- **INFORMATION SHOWN**
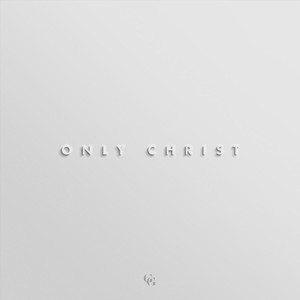 Only Christ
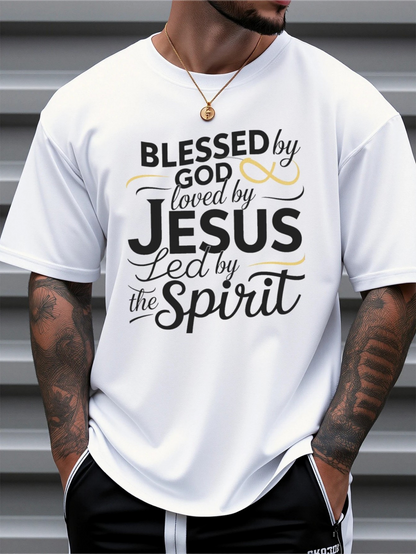 Men's Graphic T-Shirt Blessed By God Loved By Jesus Led By The Spirit Spiritual Message Typography White T Shirt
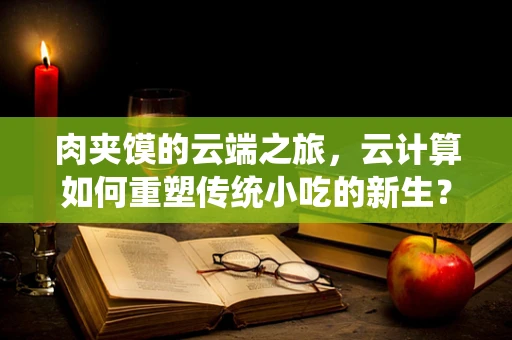 肉夹馍的云端之旅，云计算如何重塑传统小吃的新生？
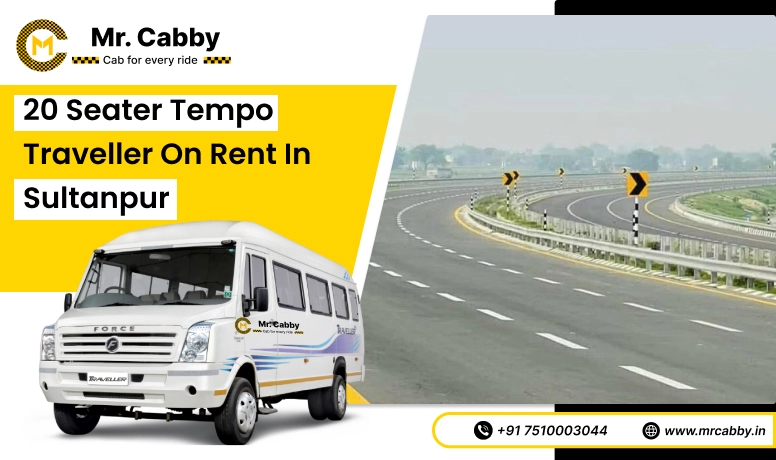 Book 20, 25, 26 seater Tempo Traveller hire in Sultanpur and Save 10% - Mr. Cabby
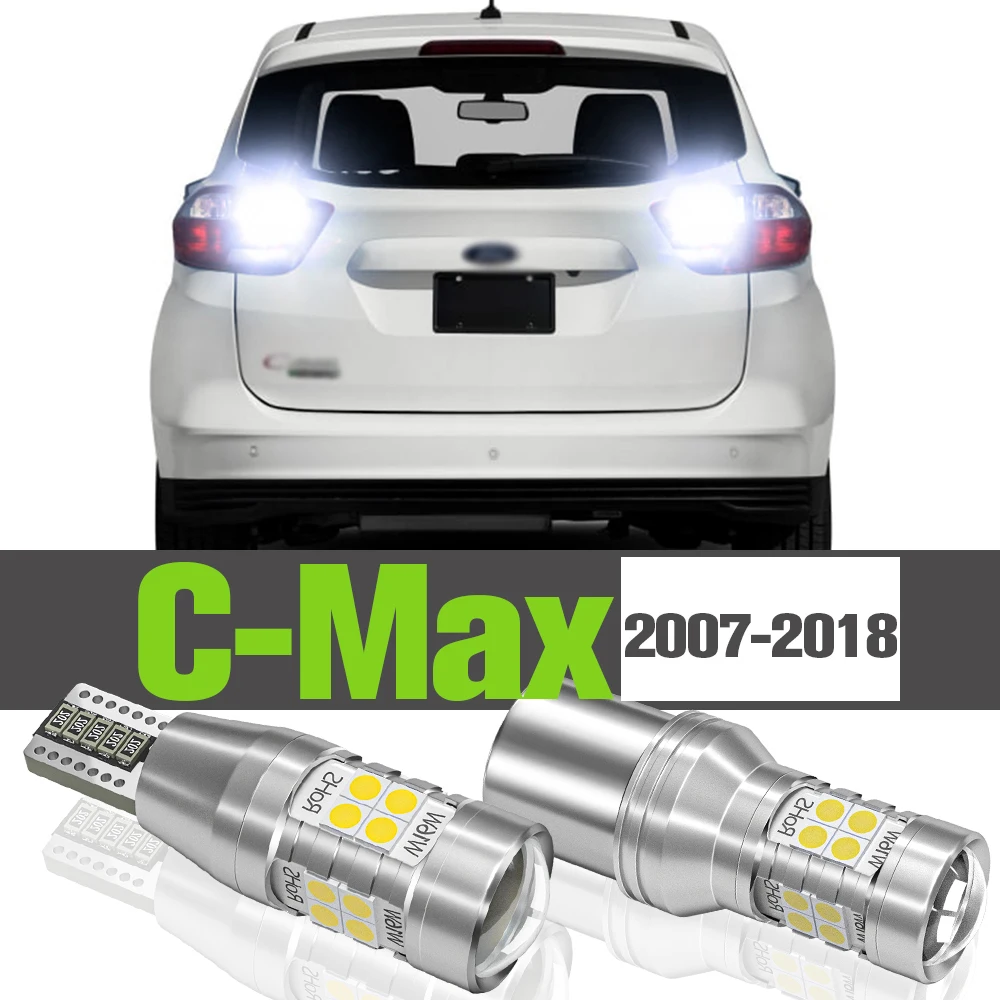 

2x LED Reverse Light Accessories Backup Lamp For Ford C-Max C Max 2007-2018 2008 2009 2010 2011 2012 2013 2014 2015 2016 2017
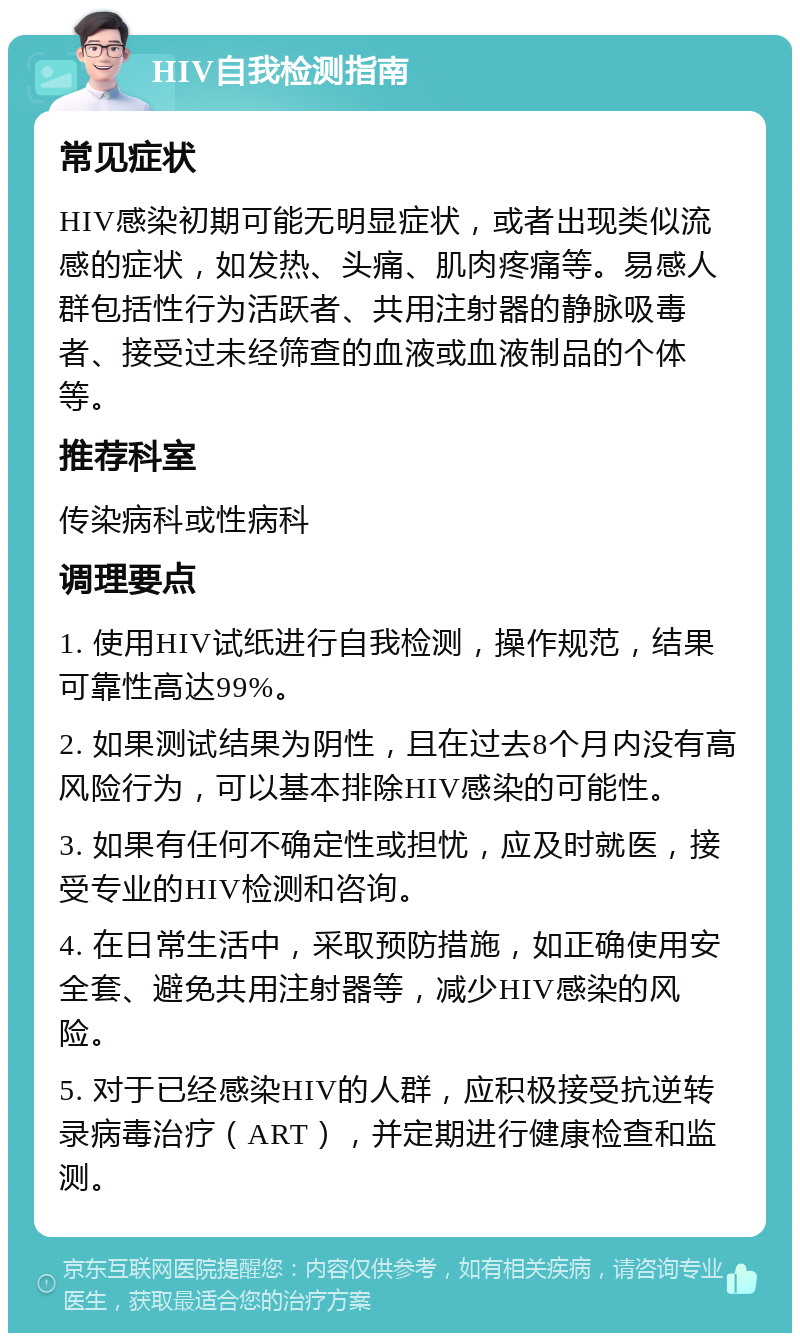 HIV自我检测指南 常见症状 HIV感染初期可能无明显症状，或者出现类似流感的症状，如发热、头痛、肌肉疼痛等。易感人群包括性行为活跃者、共用注射器的静脉吸毒者、接受过未经筛查的血液或血液制品的个体等。 推荐科室 传染病科或性病科 调理要点 1. 使用HIV试纸进行自我检测，操作规范，结果可靠性高达99%。 2. 如果测试结果为阴性，且在过去8个月内没有高风险行为，可以基本排除HIV感染的可能性。 3. 如果有任何不确定性或担忧，应及时就医，接受专业的HIV检测和咨询。 4. 在日常生活中，采取预防措施，如正确使用安全套、避免共用注射器等，减少HIV感染的风险。 5. 对于已经感染HIV的人群，应积极接受抗逆转录病毒治疗（ART），并定期进行健康检查和监测。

- **DESCRIPTION OF THE TASK**
All that should be returned is the run of lines from the start of the entries above to the line bearing "Book 20, 25, 26", each exact, with pictures omitted.

- **EXERCISE RESULT**
 Only Christ
 Men's Graphic T-Shirt Blessed By God Loved By Jesus Led By The Spirit Spiritual Message Typography White T Shirt
 肉夹馍的云端之旅，云计算如何重塑传统小吃的新生？
 Book 20, 25, 26 seater Tempo Traveller hire in Sultanpur and Save 10% - Mr. Cabby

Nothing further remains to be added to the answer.